The New Man was an ‘alternative image to the macho tough guy, embracing female roles and qualities, a vulnerable nurturer in touch with his emotions, but also rather narcissistic’ (Spicer 2001, p 187). Hugh Grant in two romantic comedy films embodied the New Man: Four Weddings and a Funeral (1994) and Notting Hill (1999). Both films show the gentle, low-rent Man About Town, lovably awkward, tongue-tied, endlessly self-deprecating and sexually naïve (Spicer 2001, p 187).

The independence and the power of women in films like Four Weddings and Notting Hill made Grant show more feminine sides. This is manifested in his insecurity and compliance, his lack of ambition and his desire for stability and heterosexual union, thereby fulfilling his supportive New Man credentials (Spicer 2001, p187).

The type of the damaged man appears so frequently in recent British cinema and it has become ‘the most representative image’ (Spicer 2001, p195). Shallow Grave (1994), Jude (1996) and Heart( 1998) are the performances of Christopher Eccleston who showed the figure of the damaged man with ‘his gaunt features and suffering eyes’ (Spicer 2001, p 195). Mike Leigh’s Naked (1993) shows that the underclass male is often irreparably damaged by social disintegration and the film deepened this paradigm into an existentialist nightmare (Spicer 2001, p196).

Mark Renton in Trainspotting is perhaps the most representative contemporary male: young, alienated, but also a chameleon, neither hero, villain, conformist or rebel. He is the product of a culture that is decentred and heterogeneous, no longer recognising clear national, ethical or sexual boundaries, where forms of masculinity are becoming increasingly hybrid and audiences delight in the knowingness and self-referentiality of popular culture (Spicer 2001, p 204).

Contemporary British cinema has capability to produce positive forms.

In Affairs to Remember, Bruce Babington and Peter Evans define romantic comedy as a genre that ‘centres on the couple, celebrating the passionate but hopefully companionate love that brings them together, and typically ending at the moment of passage into the responsibilities of marriage’ (Babington and Evans 1989:234). (Spicer 2004, p78). In Britain, successful romantic comedy films since the revival are If Only (Maris Ripoll, 1998), Fanny Elvis (Kay Mellor, 1998), Sliding Doors (Peter Howitt, 1997) and Hugh Grant films.

Hugh Grant is ‘arguably the most successful current British star, famous throughout the world, able to sell a film on the strength of his name alone’ (Spicer 2004, p77). The revival of British romantic comedy is linked with popularity that Grant has.

Grant’s films such as Notting Hill (Roger Michell, 1999), Four Weddings and a Funeral (Mike Newell, 1994), Bridget Jone’s Diary (Sharon McGuire, 2001) and About a Boy (Chris and Paul Weitz, 2002) share a ‘central characteristic: the reluctance to commit, and yet the need to find love meaningful and central to well-being and happiness’ (Spicer 2004, p77).

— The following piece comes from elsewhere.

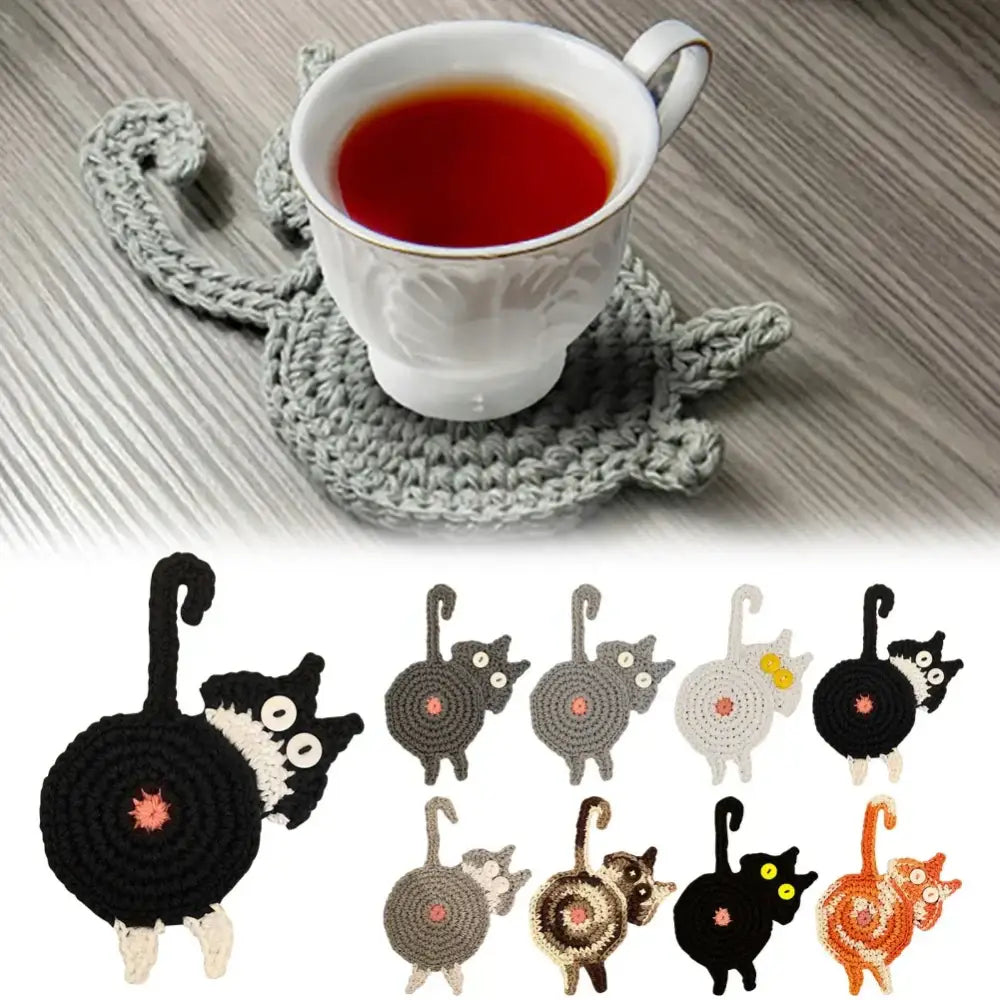 Gray Crocheted Cat Coasters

In Bridget Jone’s Diary, Grant was ‘No More Mr Nice Guy’ (Spicer 2004, p83), and his bare-chested in tight leather trousers was photographed in women’s magazines to show his new and more muscular body. Hugh Grant plays Renee Zellwegger’s boss at the publishing company, Daniel Cleaver, ‘sophisticated, sexy professional with long, flowing dark locks and rakish hair’ (Spicer 2004, p 83). Cleaver is another ‘familiar archetype, the Byronic anti-hero. The essence of the type is its fascinating eroticism’ (Spicer 2004, p83).

The scene where he is undressing Bridget and he says, ‘Silly little boots, silly little dress and these fuck me absolutely enormous pants. Don’t apologise, I like them. Hello Mummy!’ That’s all him. I’d have written ‘What the fuck are those knickers?’ or something similar. He fooled around a lot on Bridget because it was in line with his own style of naughtiness. (Curtis in Raphael 2002s:13) (Spicer 2004, p 83). Some judged that he, ‘like many Byronic males, was more attractive than tedious virtue’ (Spicer, p84), Daniel is has more charisma than dull Darcy.